[Work in progress] Analysis of Financial Speculators’ Herd Behavior Impact on the Instability of Commodity Prices. Evidence from Weekly WTI Crude Oil Market Data Using Uncertainty Theory (2018-2024)

Authors

DOI:

https://doi.org/10.15611/

Keywords:

Financial speculators, herd behavior, WTI crude oil prices, uncertainty theory, ARDL modelling

Abstract

Aim: The purpose of this paper is to model the herd behavior of financial speculators in order to demonstrate its effect on the instability of commodity prices, particularly WTI crude oil prices, following recent events: the COVID-19 pandemic, the war in Ukraine and the war in the Middle East.

Methodology: The authors approach relies on introducing uncertainty theory and VNM expected utility, rather than relying on ARDL modelling and dummy variables over the period 2018-2024, using weakly data provided by the CFTC.

Results: findings indicate the significant effect of variables, buying and selling positions of financial speculators and the war in Ukraine, namely increasing mimetic behavior of traders’ and financial speculators’ impact on prices.  This result is valuable for a short-term relationship, however there is no long-term relationship, which means no co-integration which can be interpreted by the efficiency of WTI crude oil market in long term.

Implications and recommendations: The prices of certain commodities have become unpredictable over the recent years, and the effect of fundamentals is becoming increasingly negligible in the face of speculators' decisions on the financial markets.
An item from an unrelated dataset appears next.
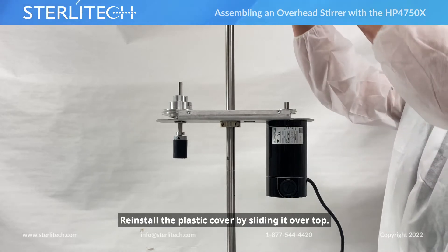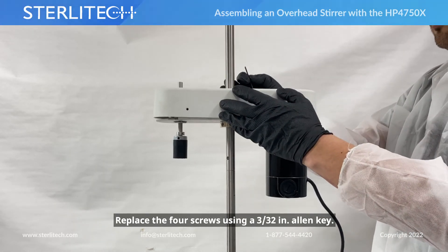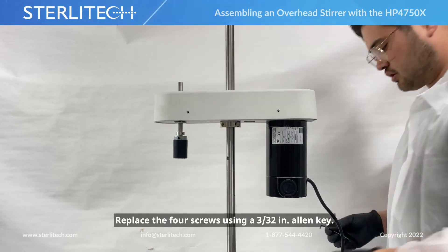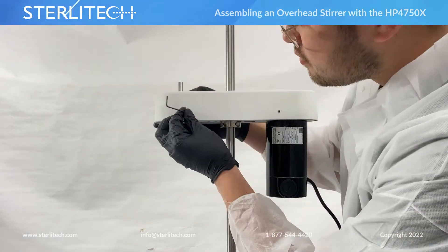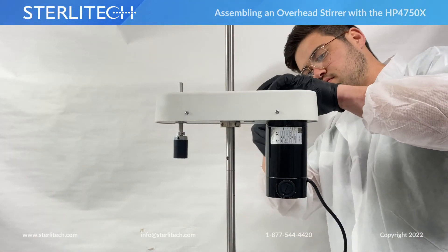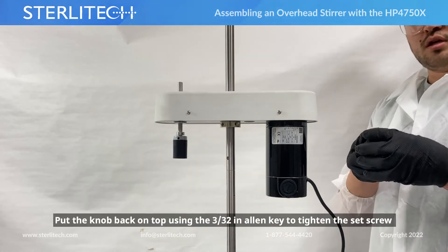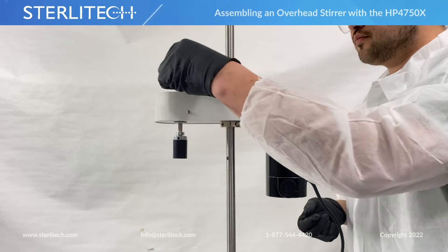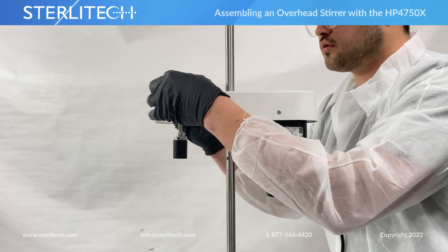We'll reinstall our plastic cover and slide it over. We've got four screws that we'll put back in place using a 3/32" allen key. And then the knob goes right back on top — using the same 3/32" allen key, we'll tighten that set screw.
Hence the importance of taking stock of the impact of the mimetic behavior of financial speculators, and of regulating their activity.
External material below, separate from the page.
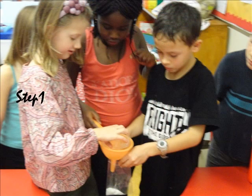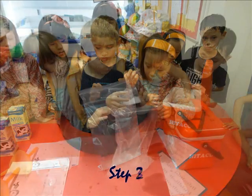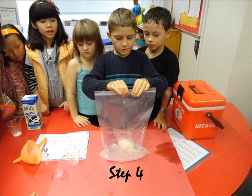Put the vanilla, milk, and sugar in the small sealable bag. Put the 12 ice cubes into your big sealable bag. Sprinkle the salt on your ice cubes and seal the large bag well. Put on some music and shake the bag for 15 minutes exact. Then scoop your ice cream into a bowl and enjoy it.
Originality/value: In contrast to earlier research, introducing the behavior or psychological impact of recent events on speculative behavior on the financial markets and, in turn, on the physical markets makes this study unique. Therefore, rather than focusing on the direct impact of financial speculation on oil prices, this study aims to capture the indirect influence. The statistical tool used was ARDL modelling combined with the theory of uncertainty and VNM expected utility theory in order to capture this indirect effect, originally linked to the risk aversion of the various market players. This feature is very important because it allows to predict more precisely future market behavior and trends.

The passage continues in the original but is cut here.